Joint research initiatives with the NSW Ministry of Health are most successful when all partners are involved early in the development of the research proposal and when partner contributions are clearly defined.

While there are a range of research partnerships, this page highlights issues for external partners to consider when entering into formal partnerships for research gran​ts involving the NSW Ministry of Health.

Why is partnership important?​

  • There is evidence that interaction between researchers, policy makers and practitioners is likely to increase the use of research.
  • In particular, ​co-production of research - where policy makers are involved in developing research questions, undertaking the research, interpreting the findings, and disseminating the results - is likely to produce more policy-relevant and practice-relevant research, and have a greater impact on policy.

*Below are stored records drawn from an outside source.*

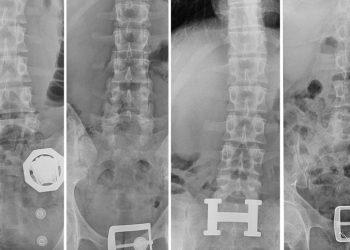 4 şüphelinin midesinden 121 kesim eroin çıktı
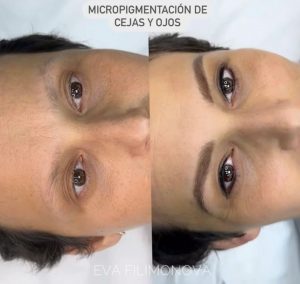 Micropigmentación Estética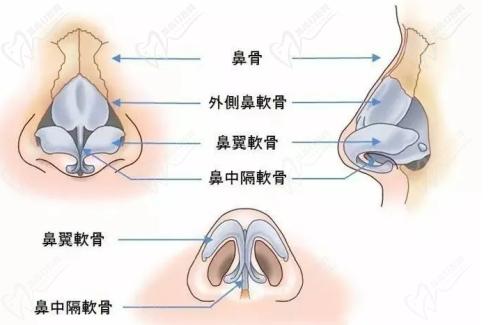 武漢中翰整形付毅醫(yī)生做鼻子口碑不錯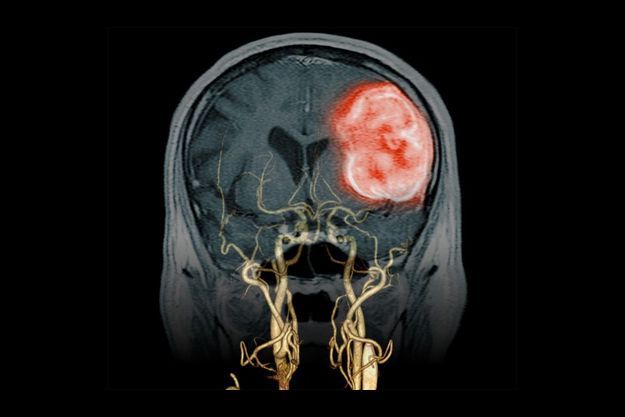  Un scanner des vaisseaux du cou associé à une IRM du crâne montrant un AVC hémorragique (en rouge). Image du Dr Didier Buthiau.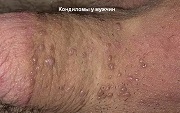 ВПЧ пути и способы заражения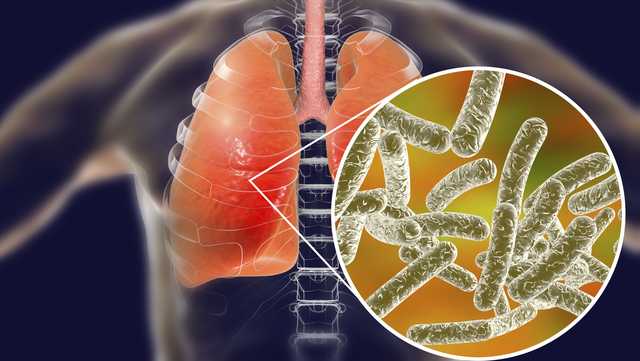 What people should know about Legionnaires’ disease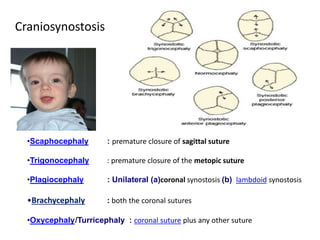 Craniosynostosis
•Scaphocephaly : premature closure of sagittal suture
•Trigonocephaly : premature closure of the metopic suture
•Plagiocephaly : Unilateral (a)coronal synostosis (b) lambdoid synostosis
•Brachycephaly : both the coronal sutures
•Oxycephaly/Turricephaly : coronal suture plus any other suture
 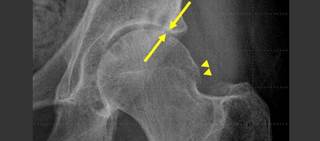Participants received X-ray images of the hip at the time of injection and then at a follow-up between 3 and 9 months later Participants received X-ray images of the hip at the time of injection and then at a follow-up between 3 and 9 months later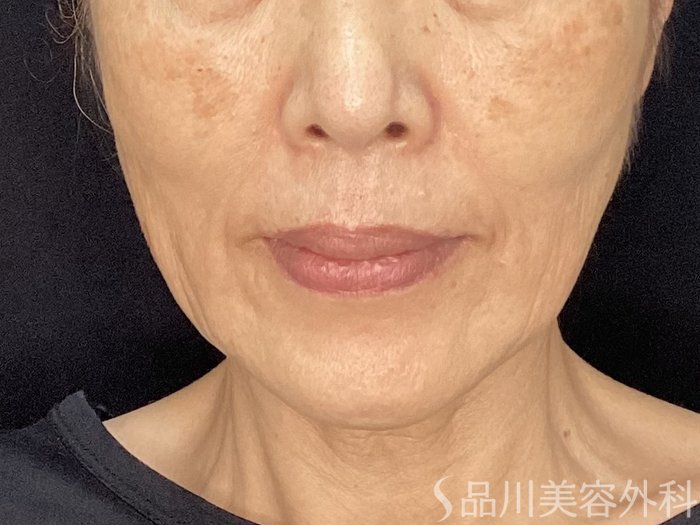 症例NO.71968のBEFORE写真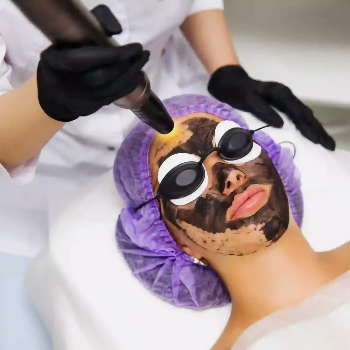Transform Your Skin with Carbon Facial: A Game-Changer for Indian Women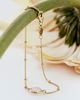Daisy London Daisy London Healing Bracelet - 1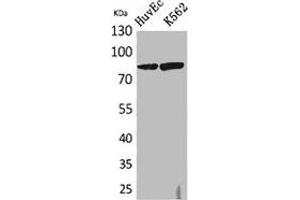 Western Blot analysis of HuvEc, K562 cells using 17β-HSD4 Polyclonal Antibody. (HSD17B4 antibody  (N-Term))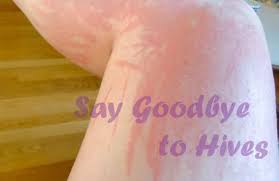 Typically, your symptoms of hives should disappear within 24 hours from the first hour it manifested on your skin. How To S Wiki 88 How To Get Rid Of Hives On Face Quickly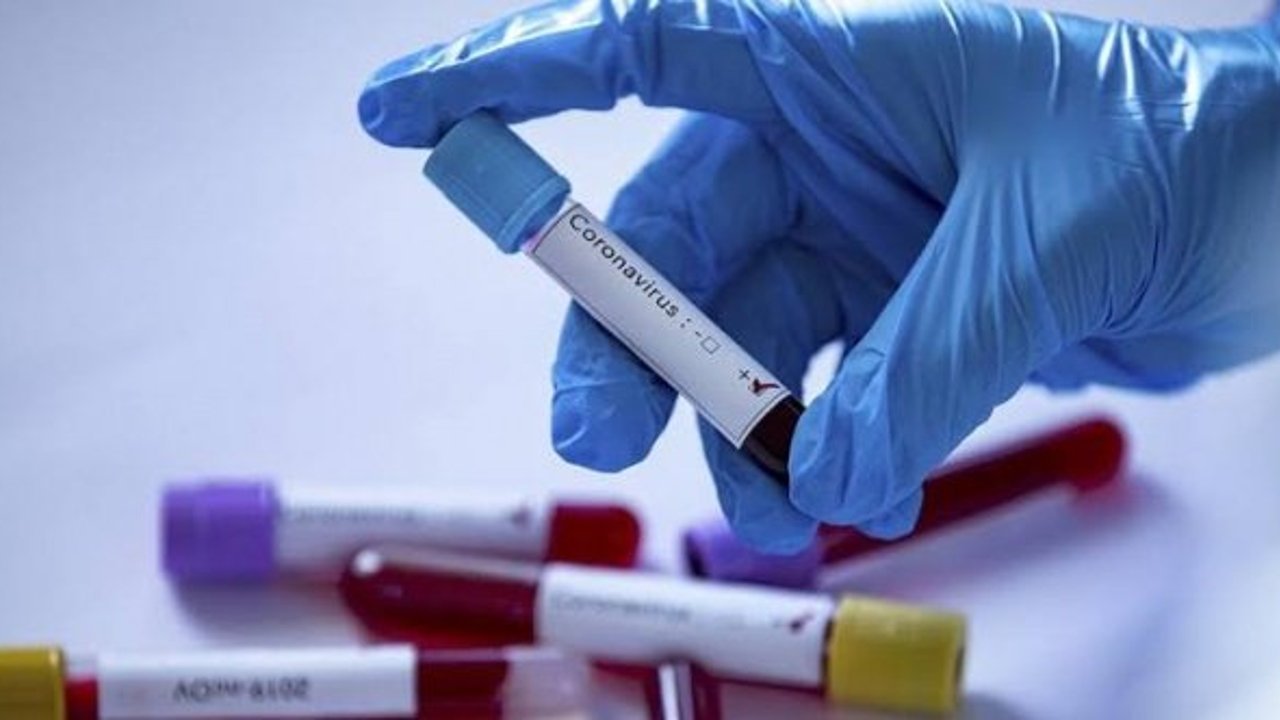 En Yavaş Yaşlanan Kan Grubu Belli Oldu!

Types of research grant partnerships

  • Funding structures involving co-sponsorship have the potential to promote partnerships between policy makers and researchers and to increase motivation for linkage and exchange more generally.
  • Grant schemes that require both researcher and practitioner involvement include:
    • NHMRC Partnership Projects
    • NHMRC Partnership Centres
    • ARC Linkage Projects.
  • Other grant schemes that require consideration of the translation of research evidence into policy and practice include:
    • NHMRC Centres of Research Excellence
    • NHMRC Project Grants
    • NHMRC Program Grants.

What should researchers consider when approaching the Ministry to be a research grant partner?

  • How does the intended research grant topic align with the key research priorities of the Ministry?
  • Have you approached the potential research grant partner(s) within the Ministry, before developing the proposal, to ensure they have ample opportunity to contribute to the proposal?
  • Have you clarified what you expect of the Ministry as a research grant partner, for example: financial and/or in-kind contributions; access to program, administrative or survey data; epidemiological or biostatistical expertise; policy expertise?
  • Will the research strengthen existing links with the Ministry, outside of the grant proposal, or establish a new relationship with the Ministry? Ongoing links with the Ministry will enhance this and future proposals.
  • How will the evidence generated by the research impact upon health policy, services or programs?
  • Beyond the publication of results, have you considered ways to facilitate the translation of the research evidence into policy and practice?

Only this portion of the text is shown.